Second normal form (2NF) describes full functional dependency on the primary key. It most commonly applies to tables that have composite primary keys, where two or more attributes comprise the primary key. It requires that there are no non-trivial functional dependencies of a non-key attribute on a part (subset) of a candidate key. A table is said to be in the 2NF if and only if it is in the 1NF and every non-key attribute is irreducibly dependent on the primary key (i.e. not partially dependent on candidate key). Thus, if all keys are singleton keys, the relation is guaranteed to be in at least 2NF.
Consider a table describing the source of machine parts, with the following attributes:
Part's ID (primary key) | Supplier's ID (primary key) | Supplier's name | Price | Supplier's address |
---|---|---|---|---|
65 | 2 | Stylized Parts | $59.99 | VA |
73 | 2 | Stylized Parts | $20.00 | VA |
65 | 1 | ACME Industries | $59.99 | CA |
This table is in the first normal form, as all values in the table are atomic (although, in a production system, the currency sign would not be included). The part's ID and the supplier's ID form the composite primary key because the same part can be supplied by multiple suppliers.
The relationship of the primary keys to price is correct: price is fully dependent on the primary key since different suppliers may charge a different price for the same part.
However, the supplier's name and address are only dependent on the supplier's ID, and thus this table breaks 2NF. Note the redundancy, where the name "Stylized Parts" and address "VA" is recorded twice. What if they relocate or merge with another company? This attribute should be placed in a second table like:
ID | Name | Address |
---|---|---|
1 | ACME Industries | CA |
2 | Stylized Parts | VA |
In order to find if a table is in 2NF, examine each non-key column of the table and ask whether or not it is fully dependent on every key in the composite key. If it isn't, it should be moved to its own table. Note that the next step, making sure that each non-key column is not dependent on any other non-key column, constitutes the third normal form.
Third normal form
- See main article Third normal form
Third normal form (3NF) requires that the table be in 2NF, and that there be no non-trivial functional dependencies of non-key attributes on something other than a superset of a candidate key. A table is in 3NF if none of the non-primary key attributes is a fact about any other non-primary key attribute. In summary, all non-key attributes are mutually independent (i.e. there should not be transitive dependencies). Thus, any relation in which all the attributes are prime attributes (part of some key) is guaranteed to be in at least 3NF.

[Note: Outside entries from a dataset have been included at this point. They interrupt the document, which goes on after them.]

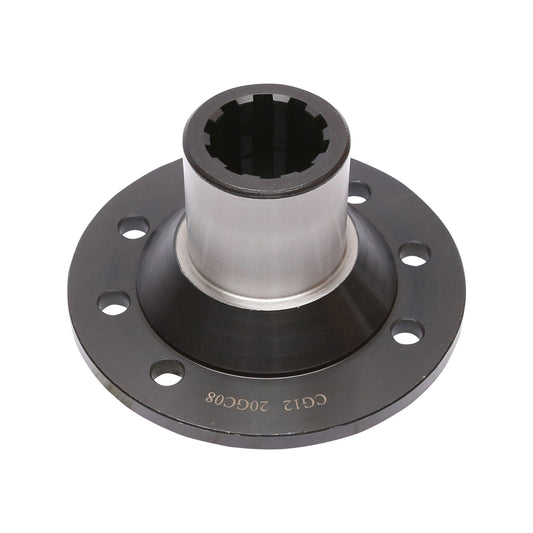 Kardánperem hosszú nyakkal 1-es tengelyhez reduktorhoz Erdészeti traktorhoz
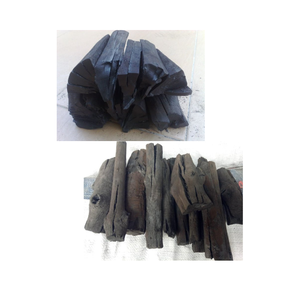 Charbon de bois Kachi Mangrove: respectueux de l'environnement pour griller de la viande BBQ à faible teneur en fumée d'Indonésie - Product Image 3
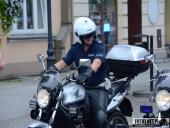 2016.09.11 - CHARYTATYWNY MARSZOBIEG DLA HUBERTA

Consider a table (in 2NF) that defines a machine part as having the following attributes.
PART_NUMBER (PRIMARY KEY) MANUFACTURER_NAME MANUFACTURER_ADDRESS
In this case, the manufacturer address does not belong on this table, because it is a fact about the manufacturer of the part, rather than the part itself. MANUFACTURER_ADDRESS
should therefore be moved into a separate table with the attributes:
MANUFACTURER_NAME (PRIMARY KEY) MANUFACTURER_ADDRESS
...and the original table should be redefined as:
PART_NUMBER (PRIMARY KEY) MANUFACTURER_NAME (FOREIGN KEY)

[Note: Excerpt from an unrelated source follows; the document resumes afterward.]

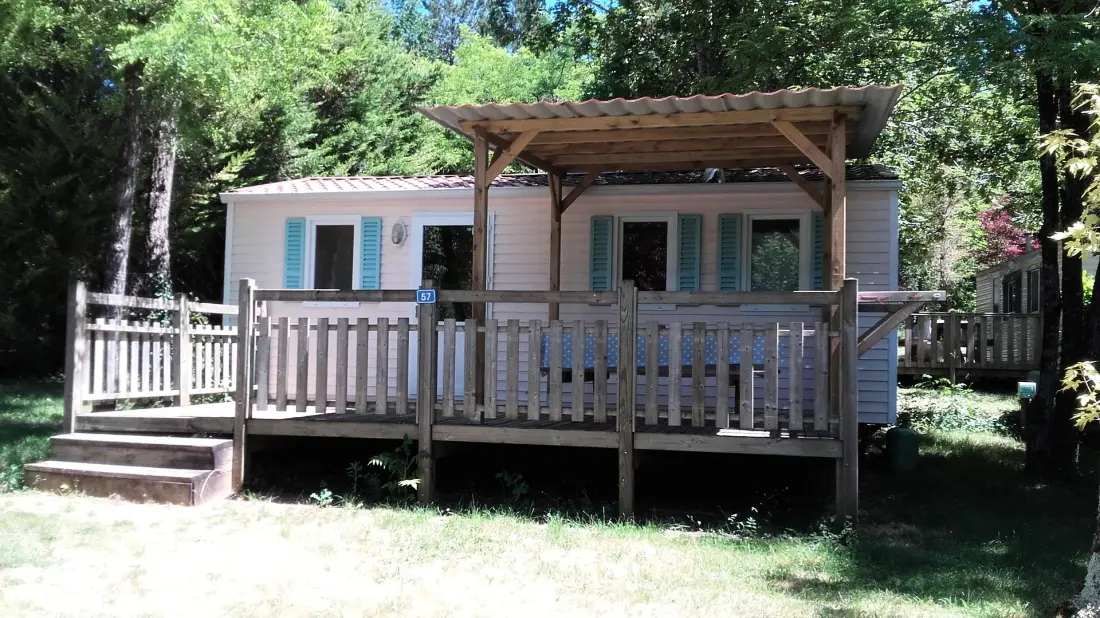 Camping de la Grande Prade 3 Csillagok★★★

The field MANUFACTURER_NAME in this table is a PRIMARY KEY in another table and is called FOREIGN KEY in this table
The problem with a table not being in 3NF is that for every MANUFACTURER_NAME we have to maintain a redundant MANUFACTURER_ADDRESS (i.e. an address for each part_number, rather than one for each MANUFACTURER_NAME).
Boyce-Codd normal form
Boyce-Codd normal form (or BCNF) requires that there be no non-trivial functional dependencies of attributes on something other than a superset of a candidate key (called a superkey). At this stage, all attributes are dependent on a key, a whole key and nothing but a key (excluding trivial dependencies, like A->A). A table is said to be in the BCNF if and only if it is in the 3NF and every non-trivial, left-irreducible functional dependency has a candidate key as its determinant. In more informal terms, a table is in BCNF if it is in 3NF and the only determinants are the candidate keys.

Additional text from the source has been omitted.